Referensi solusi krisis serbaneka Sicunpas On_Line Koleksi informasi ideologi, politik, ekonomi, sosial, budaya, hukum, moral
Jumat, 18 November 2011
Generasi cuek
Generasi cuek
Imamnya, makmumnya cuek. Pemimpinnya, rakyatnya cuek. Semuanya pada
cuek. Cuek terhadap masalah halal haram. Sang Pemimpin sangat mahir
mencari-cari dalil, hujah untuk membenarkan, mensahkan pendapatnya.
Benar-benar amat pintar. Pintar memelintir. Memelintir yang sudah
qath’i menjadi dzanni. Memelintir yang sudah baku menjadi yang
diperselisihkan, diperdebatkan. Amat lihai mempermainkan dalil-dalil
agama.
Untuk melegalisasi, melegitimasi pendapat sendiri yang menyalahi
pendapat umum (ijma’) digunakan kaidah usul fikih, bahwa “siapa yang
ijtihad, menafsirkan hukum benar, akan mendapat dua pahala, tetapi
yang ijtihadnya salah mendapat satu pahala”. Kaidah usul fikih
“menghindari kesulitan lebih utama, dari pada mendatangkan kebaikan”

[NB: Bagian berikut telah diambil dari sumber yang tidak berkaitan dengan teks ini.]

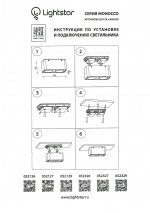 Lightstar 52126-IP65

(darul mafasid muqaddam ‘ala jalabil mashaalih) digunakan untuk
mengamankan, menyelematkan kehilangan, kerugian penanaman modal asing,
penutupan perusahaan asing. Terganggungnya investasi asing yang
jumlahnya milyaran, dipandang lebih mafasid dari pada timbulnya
kebingungan dan keresahan di masyarakat akibat ulah intervensinya
dalam bidang yang bukan wewenangnya, mengeluarkan statement blunder
(kacau, ngawur).
“Yang paling berwewenang dalam menentukan halal haramnya sebuah produk
makanan dan minuman adalah kaum ulama dan ahli syar’iyah”. “Dalam
kapasitas selaku kepala anegara tidak berwewenang mengeluarkan
pernyataan fatwa tentang halal dan haram suatu produk makanan”.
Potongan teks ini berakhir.